Environment I use is the dockerized spark/Pyspark is from below (but I changed a bit in order to include XGBoost .jar file for spark config, see below):

The advantage is this dockerized env allows me to use Scala under Jupyter notebook, instead of Scala in shell.
Some key env parameters:
HADOOP_VERSION 3.0.0
APACHE_SPARK_VERSION=2.4.5

What I did is to download compiled XGBoost fat jar version 1.0.0 scala version 2.12 from [maven central], and copied these .jar files (i.e xgboost4j_2.12-1.0.0.jar and xgboost4j-spark_2.12-1.0.0.jar) into spark config:

# Spark and Mesos config
ENV SPARK_HOME=/usr/local/spark
COPY ./src/xgboost4j_2.12-1.0.0.jar $SPARK_HOME/xgboost4j_2.12-1.0.0.jar
COPY ./src/xgboost4j-spark_2.12-1.0.0.jar $SPARK_HOME/xgboost4j-spark_2.12-1.0.0.jar
ENV PYTHONPATH=$SPARK_HOME/python:$SPARK_HOME/python/lib/py4j-0.10.7-src.zip \
    MESOS_NATIVE_LIBRARY=/usr/local/lib/libmesos.so \
    SPARK_OPTS="--driver-java-options=-Xms1024M --driver-java-options=-Xmx4096M --driver-java-options=-Dlog4j.logLevel=info --jars=$SPARK_HOME/xgboost4j_2.12-1.0.0.jar,$SPARK_HOME/xgboost4j-spark_2.12-1.0.0.jar --driver-class-path=$SPARK_HOME/*.jar --conf spark.executor.extraClassPath=$SPARK_HOME/*.jar" \
    PATH=$PATH:$SPARK_HOME/bin

I can open a kupyternook with Scala run in it.
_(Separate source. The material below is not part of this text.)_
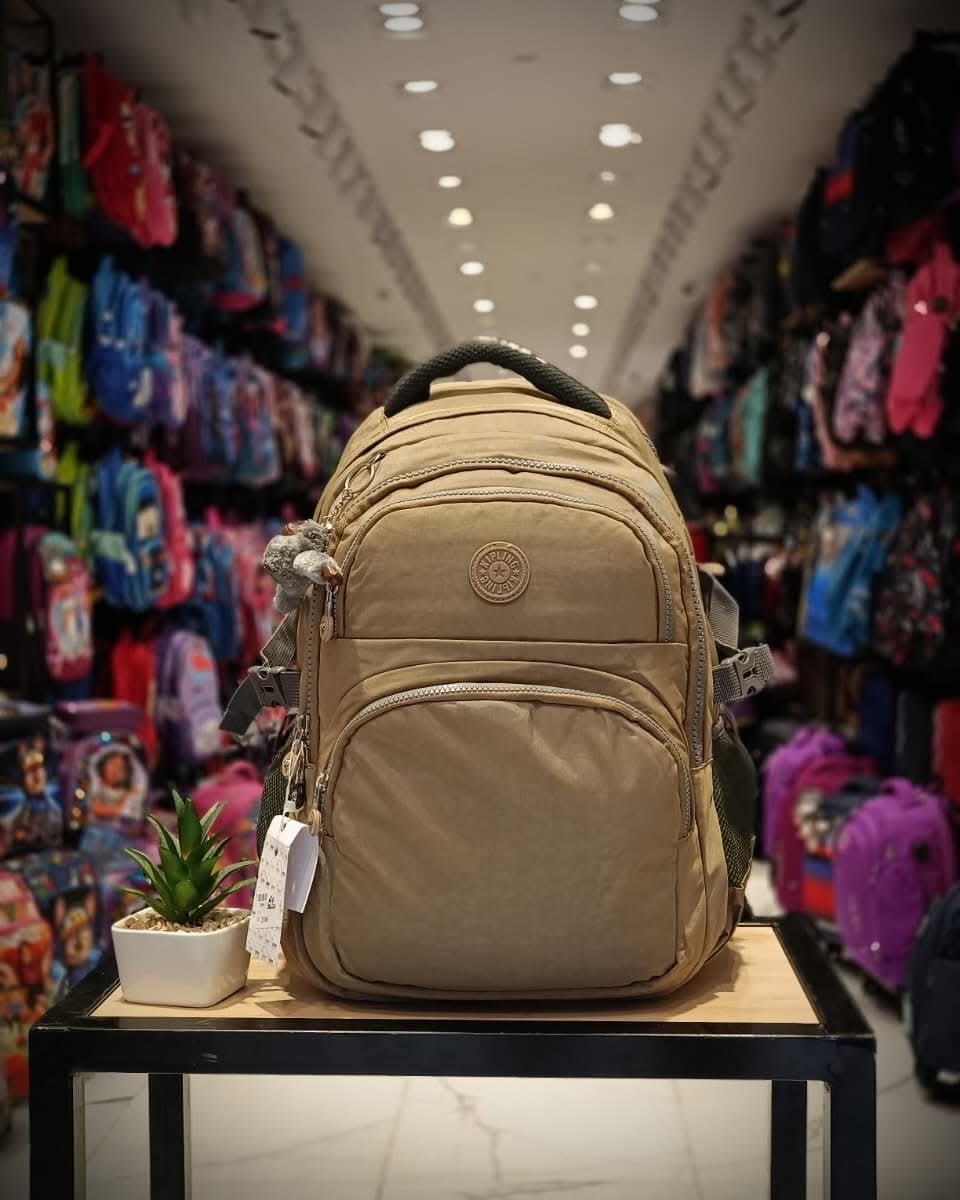 20" Kipling 🐒 Backpack – 23 Colors 🎒✨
I can also run Spark from this jyputer, I can also import xgboost without error reported.

Call for help : The problem I met is that when I actually call XGBoostClassifier, I got java.lang.NoSuchMethodError :

(P.S since I am new to community, I can only attach 2 links in one post, so more detailed info is attached to my reply.)

Thank you so much for your help! Any advice is appreciated!

jp2338 · May 6, 2020, 5:02pm

Hello!
Since I am new to XGboost community thus I am allowed to put 2 links in one post.
Here are additional links for reference:
The XGBoost spark jar file link from maven central
compiled XGBoost fat jar version 1.0.0 scala version 2.12 from maven central

I upload my Jupyter notebook here to make the error more clearly.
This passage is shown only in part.